Алфавит: Б
Наступило время Б. Отнюдь не после времени А. Время А было актуально очень долго, почти всегда. Время Б наступило само по себе.
Так наступает даже какое-нибудь «время Ы» – само по себе. Чего уж говорить о Б!..
За окном аудитории шел осенний дождь. Это очень уютно: слушаешь хорошую лекцию в любимом институте и смотришь в окно на прямой ровный прохладный дождь, аккуратно снимающий с деревьев последние листочки. Утром идешь в институт – есть листочки. Вечером идешь из института – деревья в институтском дворике остались без листочков. Что произошло? А дождь.
«…Великая русская литература еще не сказала своего последнего слова…» – басит лектор, а студенты, впечатлительный народ, вздрагивают и поеживаются. Очень уж грозный образ всплыл: сидит себе, или стоит, где-то на высоком гранитном постаменте великая, в парче и жемчугах, русская, чуть ли не со стогом сена на ладони, литература, пергаментно-желтоватая, и слово-то какое! – литература, как регистратура или микстура… – сидит матрона, или матрена, отечественная деметра всех там толстых и горьких, красных, белых и даже черных, сидит-стоит себе и думает: а не сказать ли последнее слово? Или пару-тройку последних слов? Аль погодить? Может, еще кто прорвется.
Нам тогда очень нравилось слово «словесность». Она могла быть изящной. «Изящная словесность»! Изящная словесность. Как прекрасно. Все прочее – литература, прочитали мы в переводе с грузинского. О да, конечно, о «литературе» так и надо. Вот это, неуловимое, – да! – а все прочее – литература. Но что э т о?
Шел дождь, которому было не до нас. Он размеренно раздевал деревья. Занят был.
Лекция хорошая, забавная. Наташа, в финале колоссальной эпопеи многодетная, обсуждает с многодетным Пьером что-то хорошее, их семейное, это после всего-то!.. Милая Татьяна, твердо сожительствующая с нелюбимым мужем, Лиза, отчалившая в монастырь… Господи, что с ними со всеми!
В аудитории – сплошь молодая публика, явившаяся утром в институт сплошь из несобственных постелей со свежайшими воспоминаниями ночи. «Образы женщин в великой русской литературе…» Да это не образы, а образа! Мы сидим под образами.
Я слушаю и все меньше понимаю. Почему мужчины поют который век гимны страсти нежной, а женщины убиваются, слушая мощный мужской хор? Почему у наших женщин изначально нет всей игральной колоды, как есть она у наших мужчин? Почему дана одна козырная карта – девственность – и только один ход: отдать ее одному из хористов? А он еще подумает.
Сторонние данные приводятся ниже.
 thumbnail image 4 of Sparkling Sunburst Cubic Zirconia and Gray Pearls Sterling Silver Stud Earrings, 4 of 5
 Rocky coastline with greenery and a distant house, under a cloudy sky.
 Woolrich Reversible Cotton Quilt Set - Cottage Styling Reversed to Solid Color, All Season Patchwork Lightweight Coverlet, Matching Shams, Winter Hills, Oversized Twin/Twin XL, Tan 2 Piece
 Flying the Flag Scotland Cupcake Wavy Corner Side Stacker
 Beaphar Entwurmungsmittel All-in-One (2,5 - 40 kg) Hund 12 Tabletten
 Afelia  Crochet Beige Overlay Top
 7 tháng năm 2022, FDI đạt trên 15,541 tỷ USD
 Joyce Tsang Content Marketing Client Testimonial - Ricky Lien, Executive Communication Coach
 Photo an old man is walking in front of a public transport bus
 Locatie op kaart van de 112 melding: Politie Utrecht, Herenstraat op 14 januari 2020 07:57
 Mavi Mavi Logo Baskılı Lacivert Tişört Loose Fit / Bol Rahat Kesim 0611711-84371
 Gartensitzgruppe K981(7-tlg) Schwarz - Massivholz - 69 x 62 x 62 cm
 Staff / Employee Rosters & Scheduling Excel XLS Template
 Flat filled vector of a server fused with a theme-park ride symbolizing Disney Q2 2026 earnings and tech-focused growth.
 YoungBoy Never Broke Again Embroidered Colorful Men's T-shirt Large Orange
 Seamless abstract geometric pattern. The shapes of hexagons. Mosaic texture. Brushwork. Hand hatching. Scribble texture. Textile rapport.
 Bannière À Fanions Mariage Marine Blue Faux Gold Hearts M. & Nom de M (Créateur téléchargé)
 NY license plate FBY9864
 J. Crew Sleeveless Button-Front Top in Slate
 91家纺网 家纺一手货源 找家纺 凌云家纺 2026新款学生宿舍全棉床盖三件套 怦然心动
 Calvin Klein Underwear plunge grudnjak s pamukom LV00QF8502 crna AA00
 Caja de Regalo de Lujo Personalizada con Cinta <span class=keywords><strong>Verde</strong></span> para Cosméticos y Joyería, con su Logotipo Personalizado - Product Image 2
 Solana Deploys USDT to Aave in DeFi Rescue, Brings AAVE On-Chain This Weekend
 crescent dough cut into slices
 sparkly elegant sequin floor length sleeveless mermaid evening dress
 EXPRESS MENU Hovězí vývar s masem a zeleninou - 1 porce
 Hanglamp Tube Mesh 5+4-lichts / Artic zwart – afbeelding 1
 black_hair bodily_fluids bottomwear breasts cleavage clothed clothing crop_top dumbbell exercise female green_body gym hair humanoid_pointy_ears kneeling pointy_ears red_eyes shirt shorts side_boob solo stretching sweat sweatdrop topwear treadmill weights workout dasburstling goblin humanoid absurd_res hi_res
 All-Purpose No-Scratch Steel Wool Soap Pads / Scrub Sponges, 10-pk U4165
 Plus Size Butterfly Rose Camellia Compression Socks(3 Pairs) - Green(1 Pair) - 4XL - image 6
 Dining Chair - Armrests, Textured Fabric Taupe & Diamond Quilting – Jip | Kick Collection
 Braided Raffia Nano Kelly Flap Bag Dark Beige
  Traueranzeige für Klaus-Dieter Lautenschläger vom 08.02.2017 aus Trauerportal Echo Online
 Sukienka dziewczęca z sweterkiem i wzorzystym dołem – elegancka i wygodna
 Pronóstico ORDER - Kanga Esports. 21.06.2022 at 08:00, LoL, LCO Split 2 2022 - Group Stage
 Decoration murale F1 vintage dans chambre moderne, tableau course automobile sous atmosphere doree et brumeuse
Чуть более поздние мысли: может быть, дело в нашей северной природе? Может быть, миф о необязательности, факультативности нашей чувственности был нужен во спасение наших хористов как воинов? Чтоб голова не болела об оставленной на стене Ярославне? С другой стороны, южная жара и бесконечные войны у них в регионах, – как они там выкручиваются? Неужели дело только в уверенности мужчины, что вот эти дети – его дети? Конечно, кормить чужих неприятно, но при чем тут вообще дети?! Или, в конце концов, гормональный строй определяет мораль, законы, искусство нации?!!!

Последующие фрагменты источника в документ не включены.